Un sentiment de discrimination répandu chez les salariés de plus de 50 ans
Un sentiment perçu dès le recrutement
Face à leurs difficultés de recrutement, les entreprises doivent élargir leur vivier de candidats traditionnel. Le recrutement des plus de 50 ans fait partie des solutions intéressantes pour les entreprises. Certaines d’entre elles l’ont déjà compris et font appel à ces profils de candidats pour combler les besoins. Pourtant, une étude réalisée en 2022 par Michael Page sur le lien intergénérationnel montre le sentiment de discrimination dont les candidats de plus de 50 ans se sentent victimes notamment au cours des processus de recrutement :
- 50% des personnes de plus de 50 ans ont déjà eu la sensation d’avoir été discriminées du fait de leur âge ;
- 63% des recruteurs pensent qu’il existe des freins à la présentation de candidats seniors aux décisionnaires du recrutement.
Des salariés plus stigmatisés dans l’entreprise
Au sein des entreprises, les salariés de plus de 50 ans se sentent également discriminés du fait de leur âge. Une étude du Club Landoy sur la situation des 50 ans et plus en entreprise publiée en 2022 fait également le constat de la discrimination dont ces salariés font l’objet. En effet, 63% des personnes interrogées sont d’accord avec le fait que les seniors sont davantage confrontés à des attitudes ou des décisions discriminantes du fait de leur âge, comparés aux plus jeunes. Ce sentiment de discrimination se traduit particulièrement par l’absence d’augmentation (47%) et de promotion (41%).
Des relations intergénérationnelles parfois compliquées
L’étude du Club Landoy montre également que les relations entre les générations ne sont pas toujours faciles en entreprise. 61% des personnes interrogées rapportent qu’il y aurait de plus en plus de clivages générationnels entre les salariés sur le lieu de travail. Si le lien entre les générations est un enjeu pour 6 entreprises sur 10, seules 1 tiers des entreprises interrogées ont mis en place des actions pour faciliter le lien intergénérationnel. Ces entreprises mettent en général les actions suivantes en place : tutorat et transmission de compétences (67%), programmes de mentorat (47%) et mécénat de compétences (14%).

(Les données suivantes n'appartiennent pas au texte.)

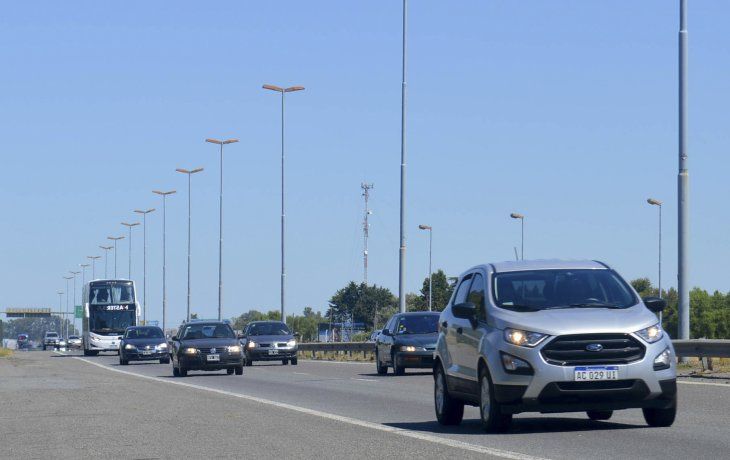 Éxodo turístico hacia la Costa y otros destinos por el recambio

Les plus de 50 ans : une génération au carrefour des autres
Ces relations intergénérationnelles souvent difficiles en entreprise sont assez paradoxales car les plus de 50 ans font la plupart du temps office de passerelles entre les générations dans la vie quotidienne. Rebaptisée “génération sandwich”, ils cumulent souvent le rôle de parents, de grands-parents et d’aidants familiaux. Ils sont de fait fortement engagés auprès de plusieurs générations dont ils sont le soutien principal. Ils ont à ce titre une charge mentale importante qui peut avoir un impact sur leur santé.
Par ailleurs, ils ont également un rôle économique majeur. Bénéficiant la plupart du temps de meilleurs revenus et d’un pouvoir d’achat plus conséquent, ils soutiennent financièrement leurs enfants et participent à la croissance économique de certains secteurs d’activité. Les plus de 50 ans ont ainsi un rôle clé dans la société et une utilité sociale forte.
Des salariés qui se sentent utiles en entreprise
Une étude de l’IFOP réalisée en partenariat avec Frelances.com sur le rapport des salariés seniors au travail vient bousculer les clichés et nous éclairer sur leurs attentes. Selon les résultats de cette étude, 86% d’entre eux ont le sentiment d’effectuer un travail utile et se sentent bien intégrés dans leur entreprise. Une étude d’A compétences égales montre que les candidats seniors savent faire preuve de flexibilité. Pour obtenir un poste, ils seraient prêts à changer de fonction à 76% et à revoir leur rémunération à la baisse à 24%. Selon une étude réalisée par l’IFOP avec le Club Landoy sur la situation professionnelle et les attentes des actifs de 50 ans et plus : 88% des personnes interrogées pensent que leur expérience et leurs compétences sont des atouts pour les entreprises. Enfin, pour envisager leur fin de carrière, la prudence est souvent de mise. 85% d’entre eux envisagent de rester dans leur entreprise pour terminer leur carrière.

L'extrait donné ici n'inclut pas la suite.